When we want to store %portfolio as part of the session, we turn it into a reference and store that in %session with the key “portfolio”:
$session{portfolio} = \%portfolio;
A reference is a specially tagged scalar, which allows us to store it in a hash. We retrieve it later with the following complicated-looking code:
my %portfolio = defined $session{portfolio} ? %{$session{portfolio}} : ();The above uses Perl's trinary operator ?: as a shortcut to “if-then”. It means that if $session{portfolio} is defined, then dereference it into its original hash value and assign it to %portfolio. If it is undefined, then assign the empty hash, (), to %portfolio. After this line of code is executed, %portfolio will contain the user's current portfolio. By using Apache::Session, we can maintain the illusion of state across HTTP transactions, and store many users' portfolios in our database.
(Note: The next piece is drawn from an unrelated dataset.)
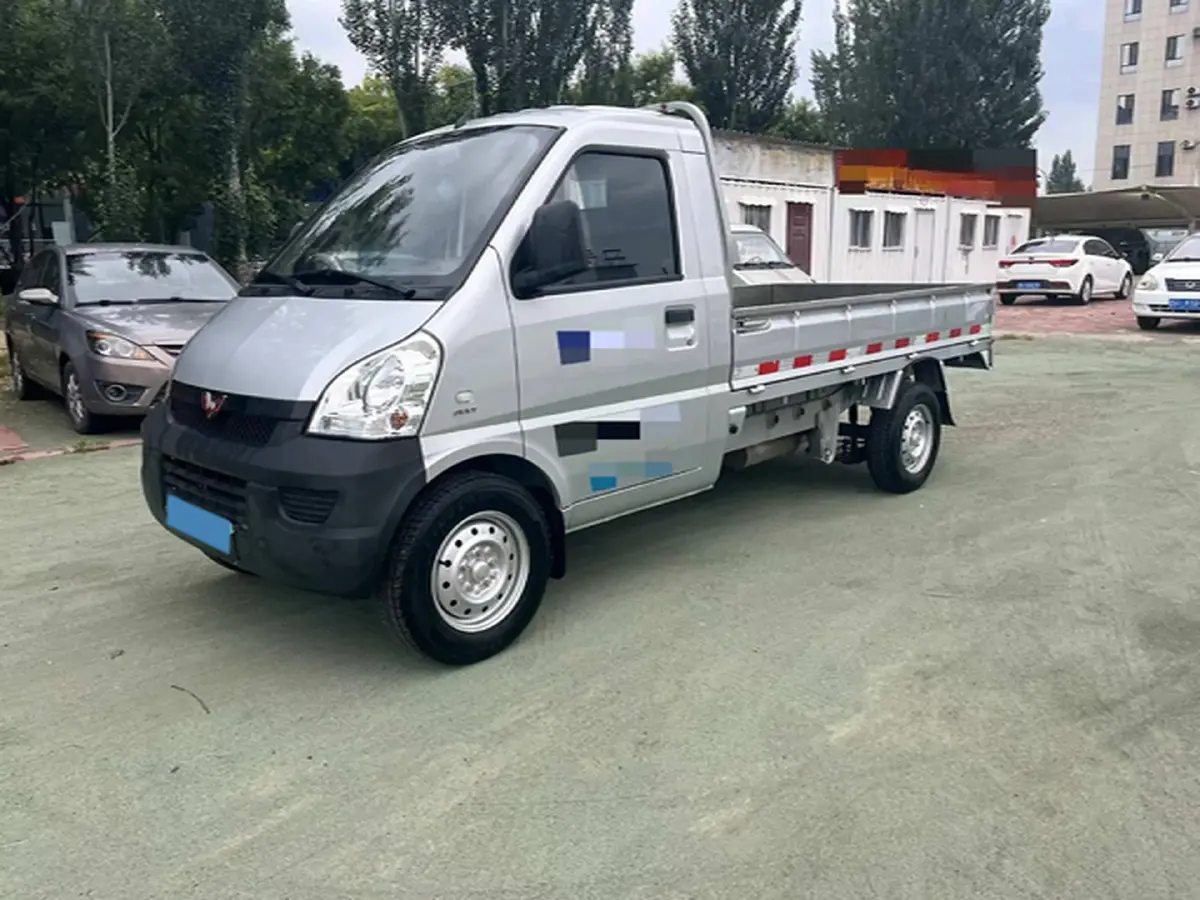 2021 WuLing RongGuang Mini Truck 1.5L 99HP L4 5MT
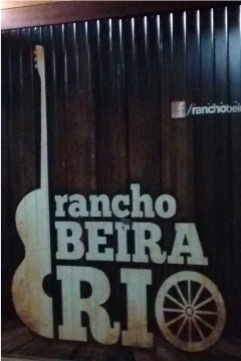 Adesivagem nas portas, janelas, placas de sinalização e Backdrop - Rancho Beira Rio - Jaboti PR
Now we will write the two applications that will work with this information. The code for those two applications can be found in the archive file at ftp://ftp.linuxjournal.com/pub/lj/listings/issue66/3629.tgz. The first will be StockProfile.pm, a Perl module for mod_perl that will allow users to create and edit their portfolios and personal information.
Since our program will be running as part of mod_perl, we will need to remember several things. First and foremost, we must create a new Perl module and package with a subroutine named “handler”. We will configure Apache to invoke this “handler” subroutine whenever a particular URL is requested from the HTTP server. Because our subroutine will be part of Apache rather than invoked in a separate process, and because mod_perl compiles and caches code that we write, our routine will run much faster than if it were a CGI program.
We must also remember to adhere to mod_perl programming conventions, the most important being to use lexical (“temporary” or “my”) variables as much as possible. Global variables stick around across invocations of mod_perl, which can lead to memory leaks and odd bugs. We ensure that we use “my” before variables with the use strict pragma at the top of our program.
Our module, Apache::StockProfile.pm (see Listing 1 in the archive file), has three stages: First, it initializes all of the variables and information, grabbing the current list of securities from StockValues and initializing the user's profile. Then, if the module was invoked with the POST method, it sets or modifies the user's profile information as necessary. Finally, it produces an HTML form that can be used to modify the profile further.
The first thing we do in “handler”, as with all mod_perl modules, is retrieve the Apache request object, traditionally known as $r. This object's methods allow us to retrieve and set everything having to do with the HTTP transaction. For instance, we can set outgoing headers with $r->header_out, the “Content-Type” header with $r->content_type, and send the final headers with $r->send_http_header.
However, certain things are more easily accomplished—at least to experienced CGI programmers—with CGI.pm, the standard module for CGI programming. We can get a version of that API by using and creating an instance of CGI::Apache. The created object gives us access to HTML form elements and debugging tools (including the invaluable dump method) using the familiar interface from CGI.pm. Not everything works in the same way, but it is good enough for almost all purposes.
Our main use of CGI::Apache in this program is to retrieve the HTML form elements, which are submitted via the POST method. StockProfile.pm both creates the form and handles its submission, which might seem odd at first but makes for a compact and easy-to-maintain type of code.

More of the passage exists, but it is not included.